Start of Block
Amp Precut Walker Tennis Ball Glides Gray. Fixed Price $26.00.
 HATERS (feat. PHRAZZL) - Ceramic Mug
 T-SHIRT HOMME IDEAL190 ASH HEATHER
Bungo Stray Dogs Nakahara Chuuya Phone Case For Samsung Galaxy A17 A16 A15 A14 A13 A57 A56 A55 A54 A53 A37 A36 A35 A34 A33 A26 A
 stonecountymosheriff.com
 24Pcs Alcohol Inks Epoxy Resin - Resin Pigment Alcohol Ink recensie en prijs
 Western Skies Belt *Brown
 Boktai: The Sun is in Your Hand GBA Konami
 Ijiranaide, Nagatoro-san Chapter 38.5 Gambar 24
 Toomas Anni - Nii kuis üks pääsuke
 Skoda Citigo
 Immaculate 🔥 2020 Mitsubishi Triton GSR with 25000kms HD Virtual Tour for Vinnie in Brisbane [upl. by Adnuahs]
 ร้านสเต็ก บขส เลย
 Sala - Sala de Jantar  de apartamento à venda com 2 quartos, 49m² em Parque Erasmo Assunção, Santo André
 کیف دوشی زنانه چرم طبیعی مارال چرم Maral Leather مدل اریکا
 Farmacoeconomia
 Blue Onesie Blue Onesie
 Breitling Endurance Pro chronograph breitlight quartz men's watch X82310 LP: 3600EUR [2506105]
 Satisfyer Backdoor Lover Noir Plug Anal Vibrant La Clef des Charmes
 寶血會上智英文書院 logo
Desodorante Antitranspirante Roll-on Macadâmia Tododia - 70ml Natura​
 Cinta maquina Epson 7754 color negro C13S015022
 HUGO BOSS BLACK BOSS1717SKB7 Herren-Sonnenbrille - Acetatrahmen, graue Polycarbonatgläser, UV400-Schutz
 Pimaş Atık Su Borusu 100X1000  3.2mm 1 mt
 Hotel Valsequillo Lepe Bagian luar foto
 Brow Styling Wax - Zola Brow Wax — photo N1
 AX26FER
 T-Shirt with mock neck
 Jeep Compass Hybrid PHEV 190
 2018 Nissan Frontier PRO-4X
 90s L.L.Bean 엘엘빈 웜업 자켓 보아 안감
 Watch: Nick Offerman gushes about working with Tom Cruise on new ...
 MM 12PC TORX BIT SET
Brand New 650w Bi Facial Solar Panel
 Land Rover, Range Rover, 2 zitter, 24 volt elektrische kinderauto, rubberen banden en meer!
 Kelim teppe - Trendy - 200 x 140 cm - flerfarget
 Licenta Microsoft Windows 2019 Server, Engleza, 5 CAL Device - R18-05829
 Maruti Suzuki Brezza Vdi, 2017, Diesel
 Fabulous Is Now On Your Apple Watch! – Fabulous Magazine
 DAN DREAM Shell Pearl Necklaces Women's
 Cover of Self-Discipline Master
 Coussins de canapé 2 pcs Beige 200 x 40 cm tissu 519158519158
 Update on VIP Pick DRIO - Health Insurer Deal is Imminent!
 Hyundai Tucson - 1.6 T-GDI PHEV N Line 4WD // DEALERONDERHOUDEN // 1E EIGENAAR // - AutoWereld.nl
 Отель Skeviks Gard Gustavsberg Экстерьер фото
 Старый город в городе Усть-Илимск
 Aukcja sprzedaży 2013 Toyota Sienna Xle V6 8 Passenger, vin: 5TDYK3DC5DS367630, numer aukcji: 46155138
End of Block
__DESCRIPTION OF THE TASK__. Look above for the line with "Brand New 650w Bi Facial Solar Panel" and the line with "Maruti Suzuki Brezza Vdi, 2017, Diesel". Write out those two lines and all the lines between them, exactly, and no others.

__ANSWER TO THE EXERCISE__.
Brand New 650w Bi Facial Solar Panel
 Land Rover, Range Rover, 2 zitter, 24 volt elektrische kinderauto, rubberen banden en meer!
 Kelim teppe - Trendy - 200 x 140 cm - flerfarget
 Licenta Microsoft Windows 2019 Server, Engleza, 5 CAL Device - R18-05829
 Maruti Suzuki Brezza Vdi, 2017, Diesel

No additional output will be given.